RobustMQ Raft State Machine Continued Optimization: Re-Validating Groups, Heartbeat Clocks, and Runtime Threads

In the previous article, Raft State Machine Performance Investigation: The Problem Isn't RocksDB — It's Queuing, we confirmed a key finding: the main latency in client_write is not in RocksDB disk writes, but in queuing at the Raft entry point and waiting inside Raft.

This article continues to document the subsequent optimization process. The goal is not to produce a single impressive peak number, but to clearly explain the relationship between parameters and observed behavior, and ultimately converge on a stable, reproducible, and explainable configuration.

Three Questions This Article Aims to Answer

After the first round of conclusions, we narrowed the problem down to three directions:

Group sharding: if we increase data_raft_group_num from 1 to 4, raising the theoretical level of parallelism — will throughput actually improve?
Raft clock: to what extent do heartbeat_interval and election_timeout_min/max affect throughput and stability?
Tokio runtime threads: what is a more reasonable balance for server/meta/broker worker threads?

These three directions could theoretically each bring performance gains, but whether that holds in practice can only be determined by experimental data.

Experiment Setup and Environment Notes

To avoid false conclusions from "parameters changing while the environment also changes," we kept the benchmark methodology as consistent as possible throughout this round. The test machine is Apple Silicon (14 logical CPUs, 10P + 4E). The core test path is placement-create-session, using the project's built-in cli-bench tool, with primary concurrency levels of 2,000 and 5,000. Key metrics are ops/s, p95/p99, timeouts, and Raft-related metrics (write/log append/apply).

It's important to note that most of these experiments were in a "local benchmark + local service" setup, and results are susceptible to scheduling and thermal throttling effects. The conclusions presented here are reproducible results "under the current experimental conditions" and do not directly translate to absolute limits in a multi-machine production environment.

First, Let's Clarify: What Is a Raft Group, and What Did We Have Before?

Before getting into the experiments, let's align on terminology. Before the refactor, paths like data and offset were essentially a single-group model: one logical type corresponded to one Raft state machine, all requests entered through the same client_write entry point, and a single RaftCore serially advanced commits and applies. This model's advantages are: short pipeline, centralized state, and controllable overhead. Its disadvantage is that single-core serial capacity becomes the upper limit.
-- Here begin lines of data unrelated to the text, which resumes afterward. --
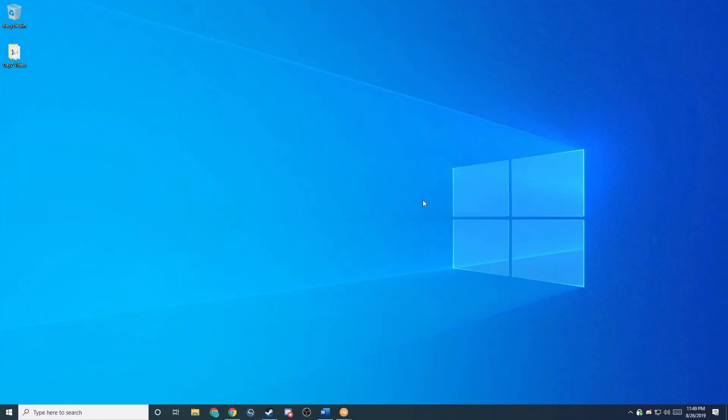Hey guys, the Gaming Chief here. Today I'm going to be showing you guys how to add mods to your DAISY standalone server. Today we'll be setting up mods to work with the DAISY standalone launcher, and we'll be installing Community Framework along with Community Online Tools.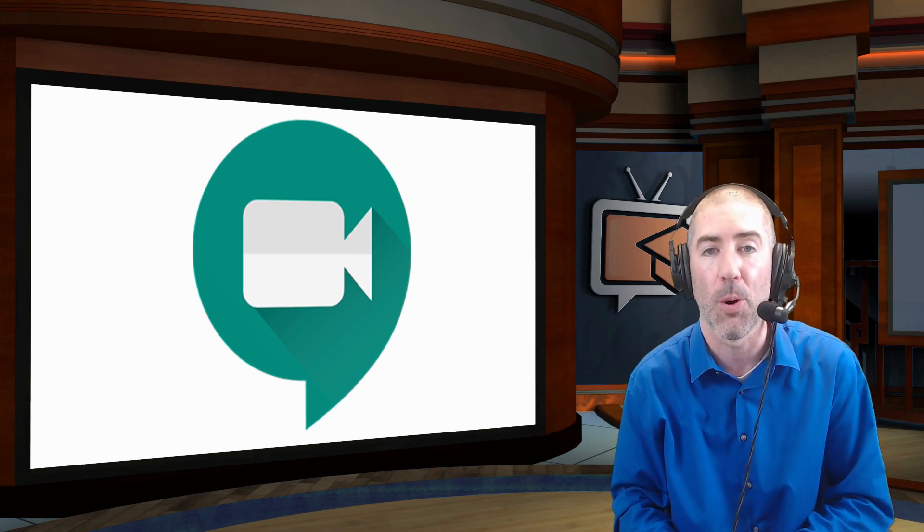Hey everyone, I'm Dan Spada and in today's video I'm going to show you the new attendance reports in Google Meet.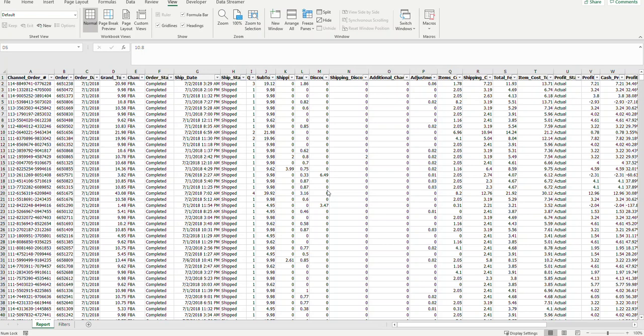This is John with JWH Consulting with some more tips on working with large data sets in Excel. We've got a large data set here in one of our tabs. We've got some filters on it. We've frozen some panes to make it easier to navigate.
After the refactor, we introduced RaftGroup: a logical type no longer corresponds to just one node, but to a shard group (e.g., data_0..data_N). A request is first hashed by business key (e.g., client_id) to a particular shard, and then executes that shard's client_write. From an architectural standpoint, this step is meant to transform "a single RaftCore serial bottleneck" into "multiple RaftCores processing in parallel," theoretically improving total throughput.

A side-by-side comparison makes this clearer:

text

Before refactor (single group):
request -> data(client_write) -> single RaftCore -> log append -> apply -> return

After refactor (RaftGroup):
request -> hash(key) -> data_i(client_write) -> RaftCore_i -> log append -> apply -> return

There's a point very easy to overlook here: the refactor adds not just parallelism, but also the background maintenance costs for routing, shard management, and each shard's operation (heartbeats, election timers, internal tasks, monitoring dimensions, etc.). When the deployment setup shares resources on a single machine, these "fixed costs" may manifest before the "parallel gains" do. In other words, the prerequisite for RaftGroup's benefits is not "more shards always means faster" — it's "the parallel gains from sharding must outweigh the system costs that sharding introduces."
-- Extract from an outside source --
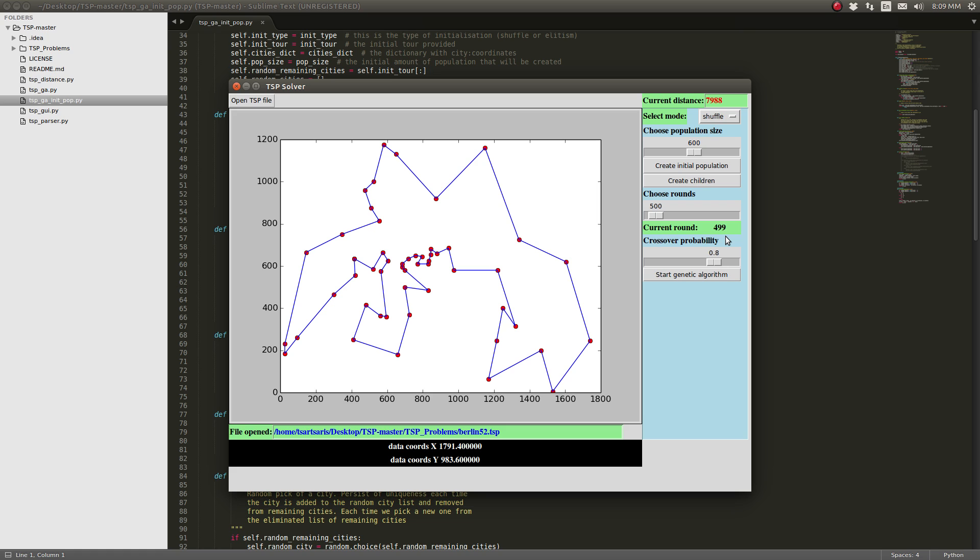Okay, so for 500 rounds the best distance is 5,988.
Experiment 1: Runtime Threads from Auto to Explicit 16

We started with runtime threads. The test machine has 14 logical CPUs (10P + 4E). Under the auto strategy, throughput was usually around 11k ops/s. After explicitly setting threads to the following configuration, throughput noticeably improved to 20k+:

toml

[runtime]
server_worker_threads = 16
meta_worker_threads = 16
broker_worker_threads = 16

Continuing to increase threads to 32, the result was essentially the same as 16 — no linear improvement appeared. This shows that this pipeline is not "more threads always better" — there is an effective threshold, beyond which you enter a new bottleneck. For this machine, 14 to 16 is the critical step; from 16 to 32, the marginal gains are already minimal. In other words, thread tuning here is more like "replenishing the scheduling budget" rather than "continuously scaling up by stacking threads."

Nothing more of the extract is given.